70 Euro pro Kontrolle verlangt Ludwigsburg, was damit begründet wird, dass diese aufwendig seien. Im Rathaus wurde eigens eine neue Vollzeitstelle geschaffen, „um eine möglichst zeitnahe Überprüfung aller Betroffenen zu gewährleisten“. Wobei der Begriff „zeitnah“ Spielraum bietet: Die Vorgabe ist, dass im Turnus von fünf Jahren alle Waffenbesitzer einmal besucht werden. Geprüft wird dabei beispielsweise, ob die Waffen ordnungsgemäß in speziellen Schränken und getrennt von der Muntion verwahrt werden.
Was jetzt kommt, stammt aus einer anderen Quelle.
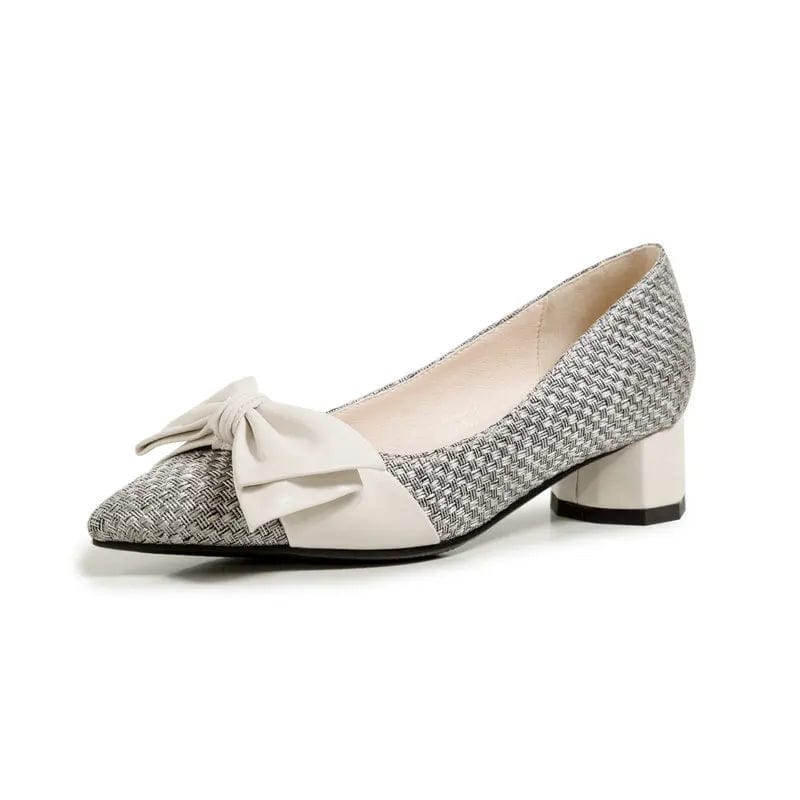 New Women Shallow Weaved Block Heels Pointed-toe Bowknot Female Sandals Size 32-48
Die Stadt Stuttgart musste die Gebühren senken

Zunächst kommen die Mitarbeiter unangekündigt, aber wenn dann niemand zu Hause ist, wird ein Termin vereinbart. Auch angekündigte Kontrollen seien ein Zugewinn an Sicherheit, sagt Winkler. Denn die Beratung spiele eine große Rolle, weil bei vielen Waffenbesitzern ein erhebliches Informationsdefizit bestanden habe. Es müsse aber jedem klar sein: „Bei den Kontrollen handelt es sich immer um Momentaufnahmen.“

Auch anderswo kam es bereits zu juristischen Auseinandersetzungen. 2012 unterlag ein Waffenbesitzer aus dem Kreis Esslingen , der die Gebühr nicht zahlen wollte, vor Gericht. Mehr Erfolg hatte ein Jäger aus Stuttgart mit seiner Klage: Die Landeshauptstadt verlangte anfangs 210 Euro pro Kontrolle. Zu viel, urteilte das Verwaltungsgericht. Andere Städte wie Ditzingen oder Bietigheim-Bissingen kassieren für verdachtsunabhängige Kontrollen gar keine Gebühr. Der Kreis Ludwigsburg wiederum, der für die kleineren Gemeinden zuständig ist, nimmt 90 Euro.

Wie hoch die Dunkelziffer ist, weiß niemand

Eines aber ist überall gleich: Nach Winnenden und der Einführung der Kontrollen sind Tausende Waffen abgegeben und vernichtet worden. Im Zuständigkeitsgebiet des Kreises Ludwigsburg waren 2009 noch fast 20 000 Waffen registriert, heute sind es weniger als 15 000. Die Zahl der Besitzer sank um mehr als die Hälfte. Noch stärker ist der Rückgang in Bietigheim-Bissingen: von damals knapp 1300 auf heute 481 Besitzer. Dazu allerdings kommt wie überall noch eine Dunkelziffer. „Wie viele unregistrierte Waffen im Umlauf sind, wissen wir natürlich nicht“, sagt Gerald Winkler.